I am mostly alone, I can't move away from my home too much I'm disabled.

have you tried any? which one would you recommend, which one does the best for you in your opinion?

What about the ones with the camera/sensor, does it gotta have a camera/sensor?


----------



## Charmander (Sep 5, 2012)

I used to play the Wii Fit games and they weren't bad. They weren't super intensive or anything but they gave you something to focus on while you were exercising at least. I don't think you needed a camera, but you needed a balance board for some of the sports (Usually just stuff like yoga and snowboarding so it wasn't that necessary).


----------



## 8888 (Oct 16, 2014)

I like EA Sports Active for a light workout.

The Dance Dance Revolution games are better for more intense workouts. I like those too. They require a mat but the mats aren't too pricey anymore.


----------



## sas62759 (Feb 13, 2015)

Charmander said:


> I used to play the Wii Fit games and they weren't bad. They weren't super intensive or anything but they gave you something to focus on while you were exercising at least. I don't think you needed a camera, but you needed a balance board for some of the sports (Usually just stuff like yoga and snowboarding so it wasn't that necessary).


that's cool, I was mayyybe hoping that they have some for pc and that all I would need to buy is the game and a camera/senor.
how long did you play it for? 
did you get any regular useful exercise out of it or was it just a toy? 
did you start using it for your daily schedule or was it just a toy?


----------



## NoEgo (Jul 5, 2016)

I've never been a huge fan of them, because I always thought they were boring. I got a Wii, which had a lot of heavy-movement games, but I hated the motion controls.
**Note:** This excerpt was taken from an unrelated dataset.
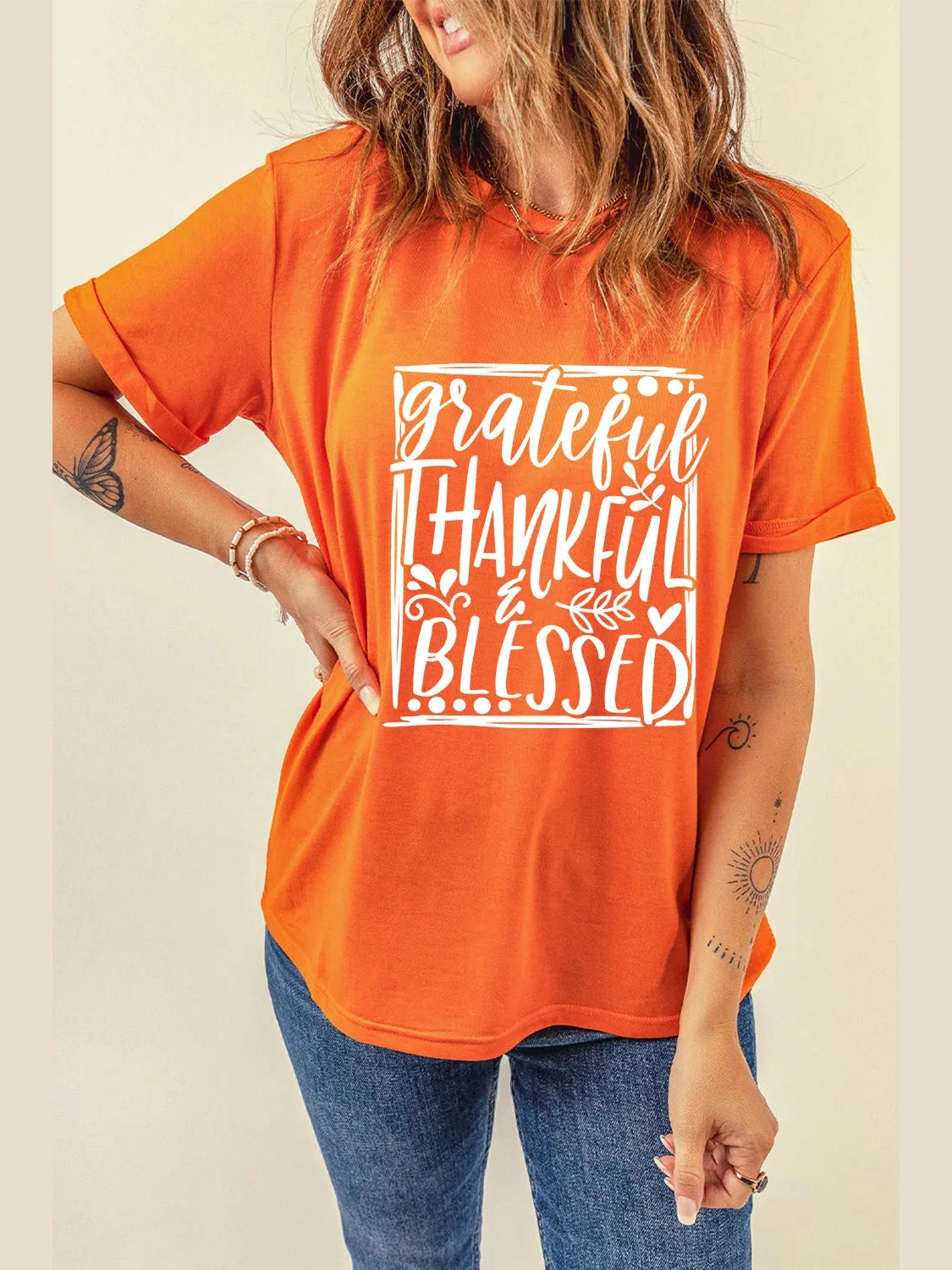 Letter Graphic Round Neck Short Sleeve T-Shirt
Although, as a kid I used to love playing DDR. I was horrible at it, but I always loved trying to break my high scores. I guess that counts. Damn, I might have to pick up a dance pad now because I'm really jonesing for DDR again.


----------



## sas62759 (Feb 13, 2015)

anybody else?


----------



## Blawnka (Dec 12, 2011)

Xbox fitness is what got me into fitness in general, I started there lost about 15 pounds, bought weights, yoga mat, exercise equipment, etc. To date I've lost about 40 pounds and gained 10-15 back in muscle, I credit xbox fitness to helping me change my lifestyle and I recommend it to anyone.


----------



## slickyabra (Feb 14, 2016)

Lmao, I rarely exercise. I do have a Wii, though, and I do play Just Dance sometimes. Some could argue that it's not really "dancing" or it's not much of an exercise game, but choosing the right songs with the perfect routines gets you working up a mighty sweat. If I were to recommend which one from the series, 2014 and 2015 has a nice selection of routines and songs. It does need some type of sensor, but really only for selecting songs, since it can detect movements by the Wiimote itself. I wouldn't know how it works for Xbox or Playstation, though. Idk, just a recommendation.


----------



## sas62759 (Feb 13, 2015)

Anybody else?


----------



## acidicwithpanic (May 14, 2014)

DDR. That is all.


----------



## OliveGage (Jan 14, 2013)

I'm a Chris Freytay fan. I like the attention she gives to form and pace.


----------